◆ WHAT YOU NEED TO DO
Your answer must be the line containing "Brotaufstrich mit Belugalinsen" and each following line to the end of the listing below, copied exactly, with pictures removed and nothing added.

□ □ □ □ □ □ □

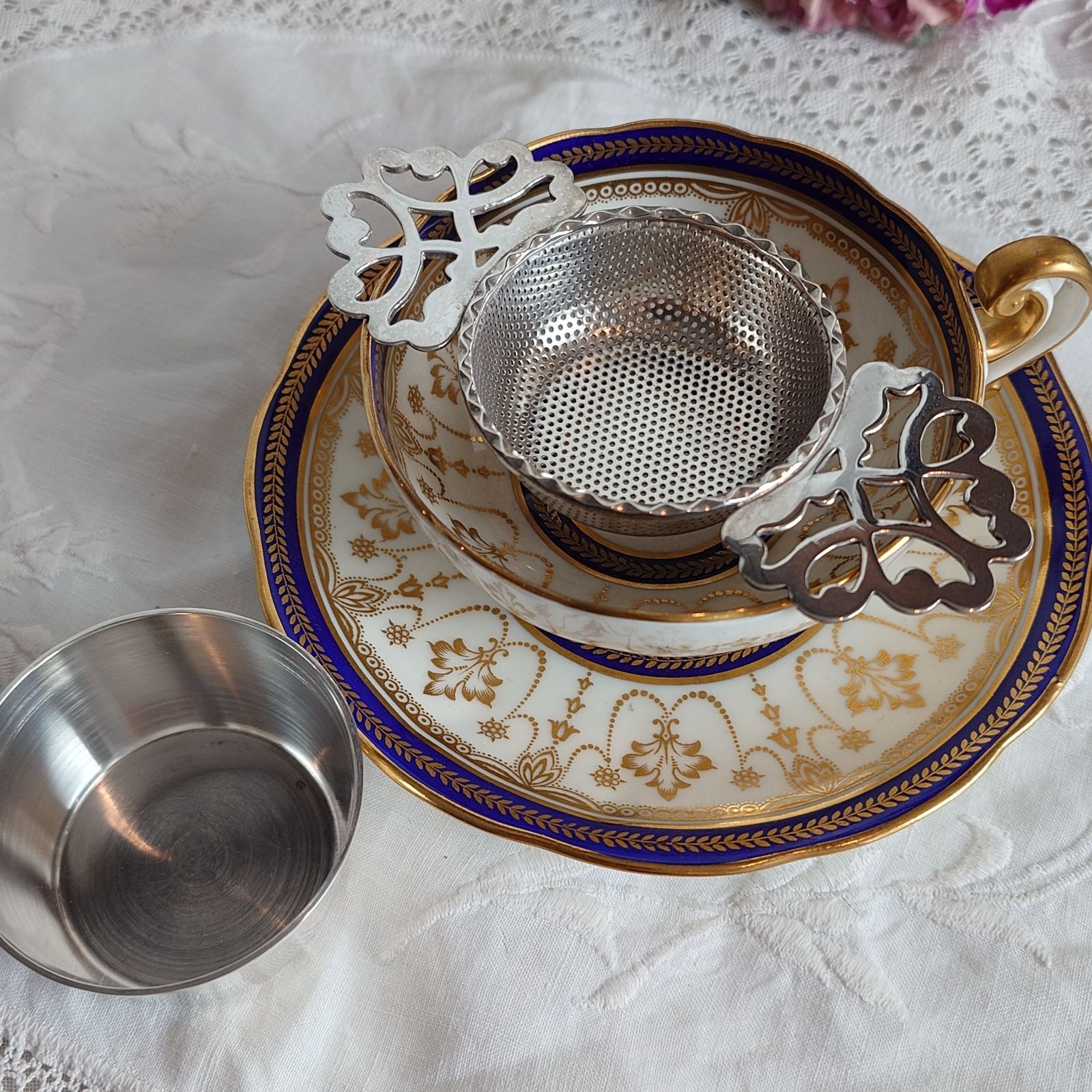  Mappin＆Webb ティーストレーナー アンティーク 茶こし その他 コーヒー ティーカップ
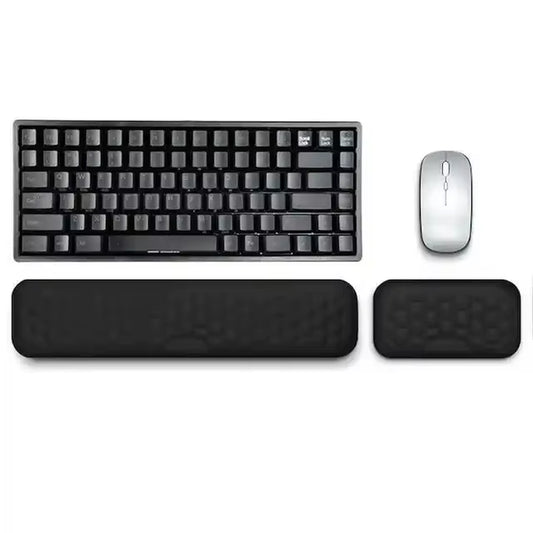 Keyboard Wrist Rest Memory Foam Keyboard Mouse Wrist Rest Ergonomic Design Wrist Pad for Computer Keyboard Laptop Wrist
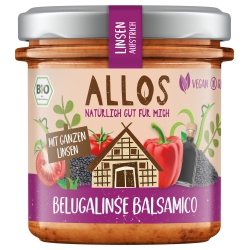 Brotaufstrich mit Belugalinsen & Balsamico von Allos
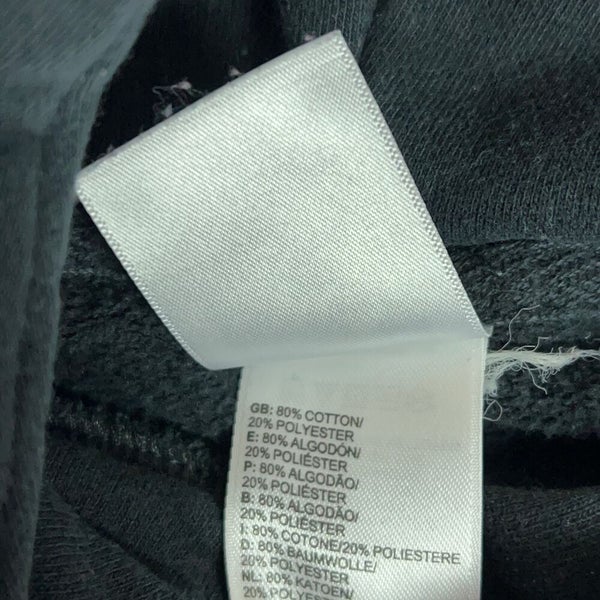 North Face Womens Hoodie Medium Black White Sweatshirt Sweater Outdoor Gorp Logo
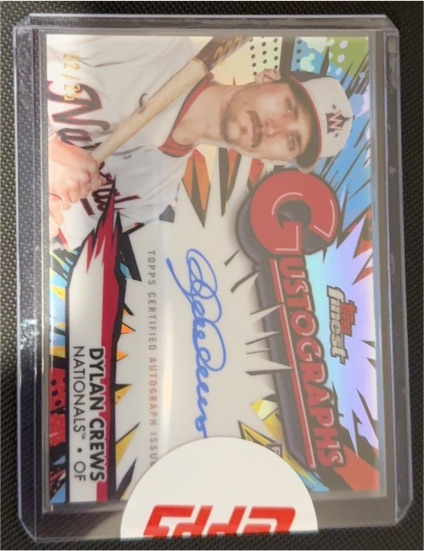 2025 Topps Finest Gustographs #Dylan Crews — front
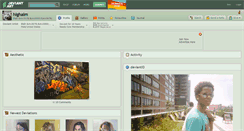 Desktop Screenshot of highaim.deviantart.com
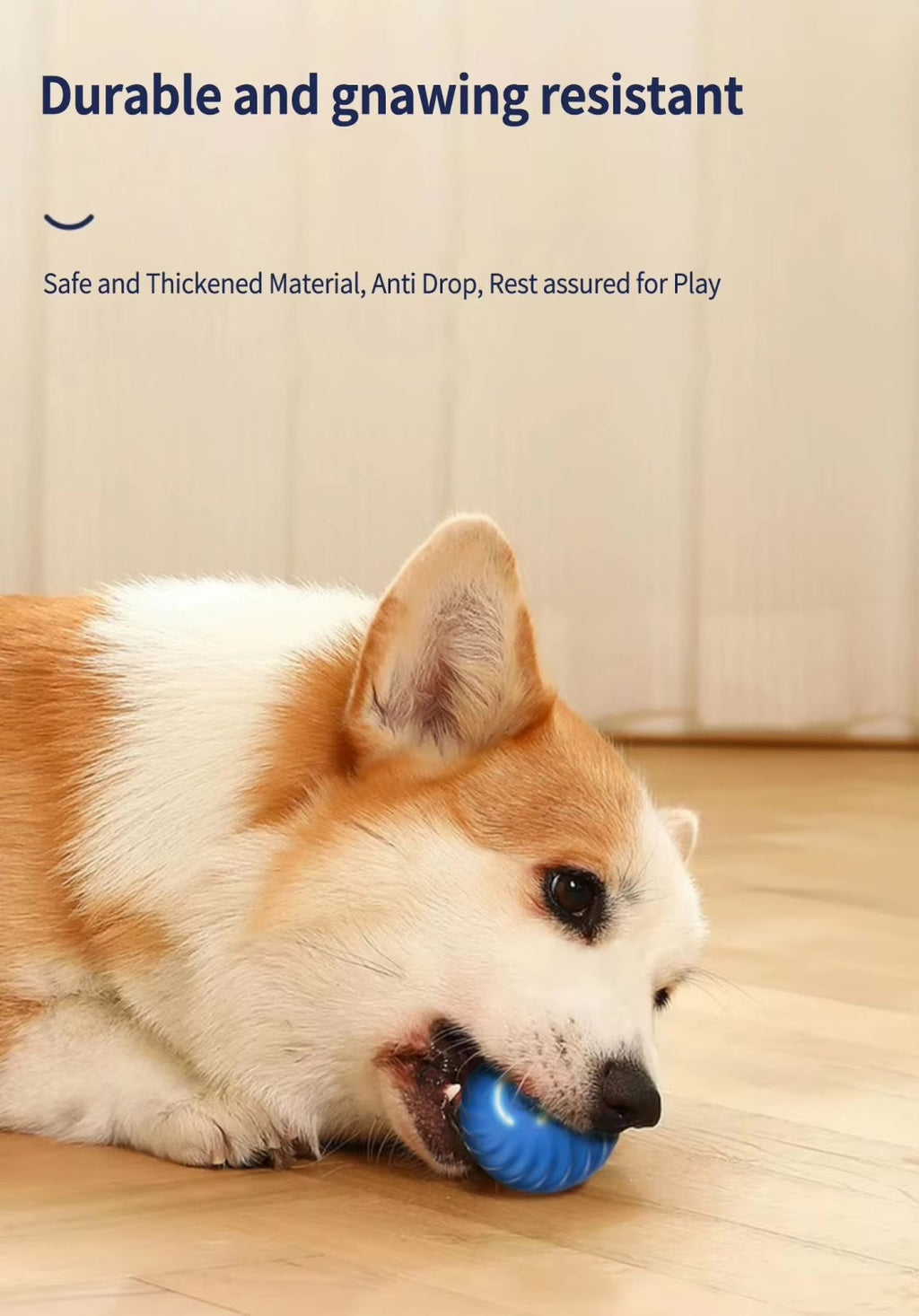 USB rechargeable bouncing ball toy for dogs and cats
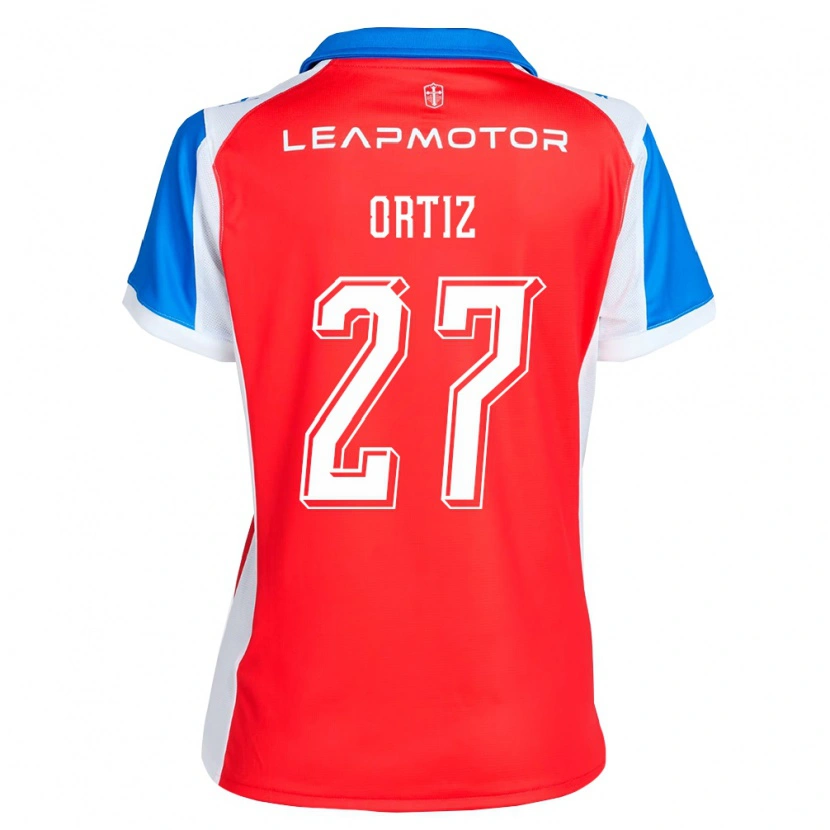 Danxen Kinder Jorge Ortiz #27 Rot Blau Auswärtstrikot Trikot 2026/27 T-Shirt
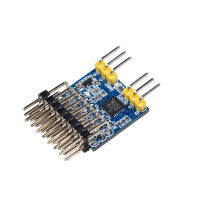 JHEMCU SPP 8CH โมดูลอุปกรณ์แปลงสัญญาณรองรับเอาท์พุท PWM เอสบียูเอสพีพีเอ็มสำหรับชิ้นส่วนอะไหล่ตัวรับสัญญาณ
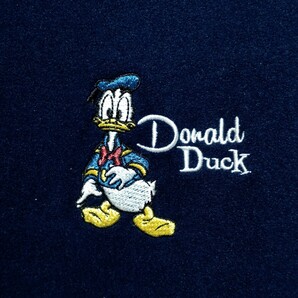 特価/未使用【サイズ=LL(XL)】Disney/Donald Duck/ディズニー/ドナルドダック/メンズ/長袖/マイクロフリース/Tシャツ/胸囲=104～112cm/navyの画像2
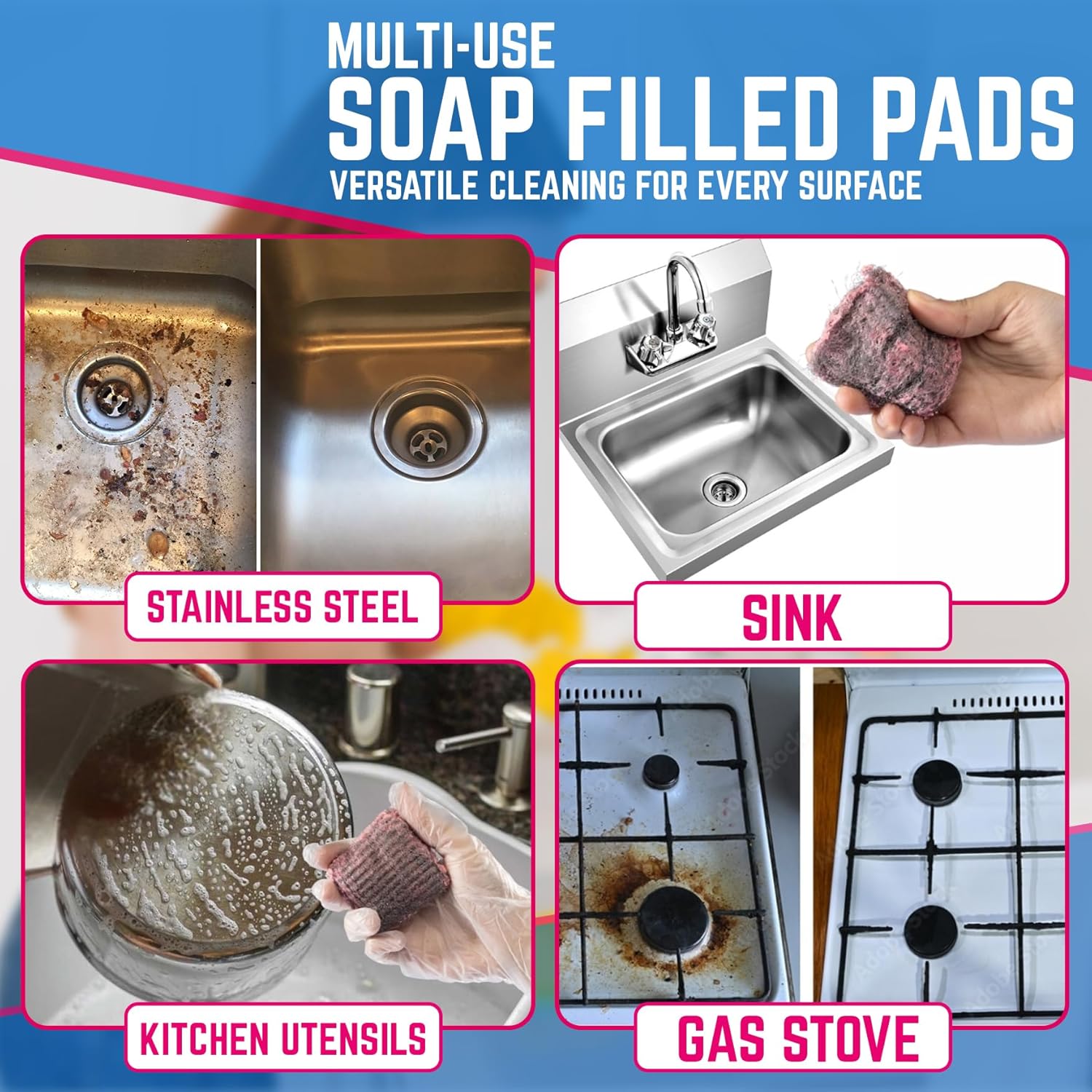 Jayting Soap Filled Scourer Pads - 16pcs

□ □ □ □ □ □ □

◆ ANSWER FOR THIS EXERCISE
 Brotaufstrich mit Belugalinsen & Balsamico von Allos
 North Face Womens Hoodie Medium Black White Sweatshirt Sweater Outdoor Gorp Logo
 2025 Topps Finest Gustographs #Dylan Crews — front
 Desktop Screenshot of highaim.deviantart.com
 USB rechargeable bouncing ball toy for dogs and cats
 Danxen Kinder Jorge Ortiz #27 Rot Blau Auswärtstrikot Trikot 2026/27 T-Shirt
 JHEMCU SPP 8CH โมดูลอุปกรณ์แปลงสัญญาณรองรับเอาท์พุท PWM เอสบียูเอสพีพีเอ็มสำหรับชิ้นส่วนอะไหล่ตัวรับสัญญาณ
 特価/未使用【サイズ=LL(XL)】Disney/Donald Duck/ディズニー/ドナルドダック/メンズ/長袖/マイクロフリース/Tシャツ/胸囲=104～112cm/navyの画像2
 Jayting Soap Filled Scourer Pads - 16pcs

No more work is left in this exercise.